## Records for this task:
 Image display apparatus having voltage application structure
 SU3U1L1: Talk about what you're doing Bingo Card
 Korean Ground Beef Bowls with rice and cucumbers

...

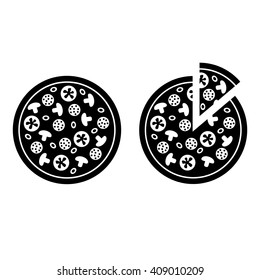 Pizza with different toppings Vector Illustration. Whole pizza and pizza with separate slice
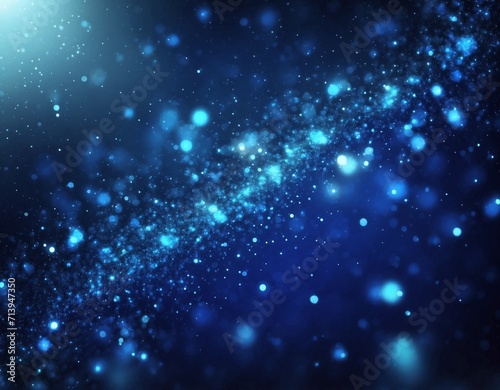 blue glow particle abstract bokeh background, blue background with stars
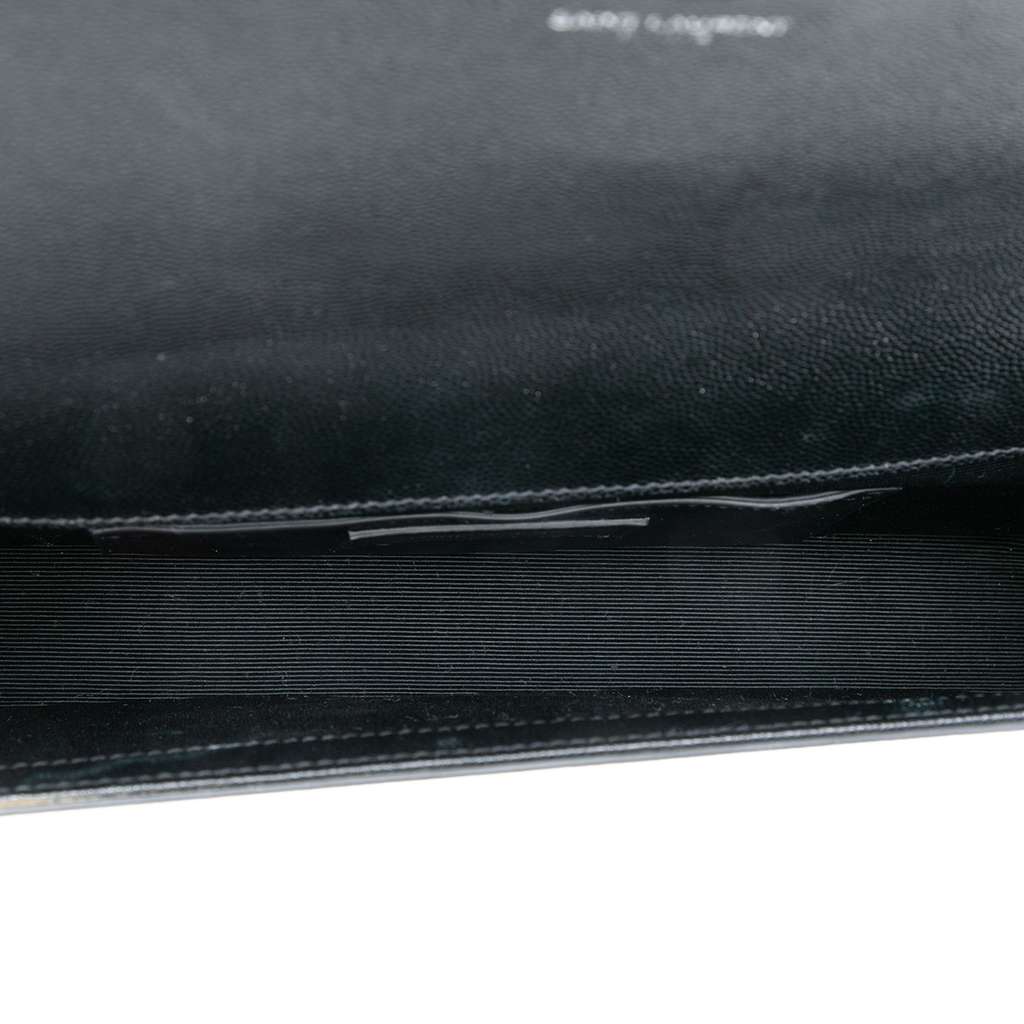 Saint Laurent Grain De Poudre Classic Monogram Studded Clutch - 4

## Task goal:
Please transcribe exactly the part of the records that opens with the line containing "blue glow particle" and closes with the line containing "Saint Laurent Grain", both ends included, and leave out the pictures.

## Exercise output:
 blue glow particle abstract bokeh background, blue background with stars
 Saint Laurent Grain De Poudre Classic Monogram Studded Clutch - 4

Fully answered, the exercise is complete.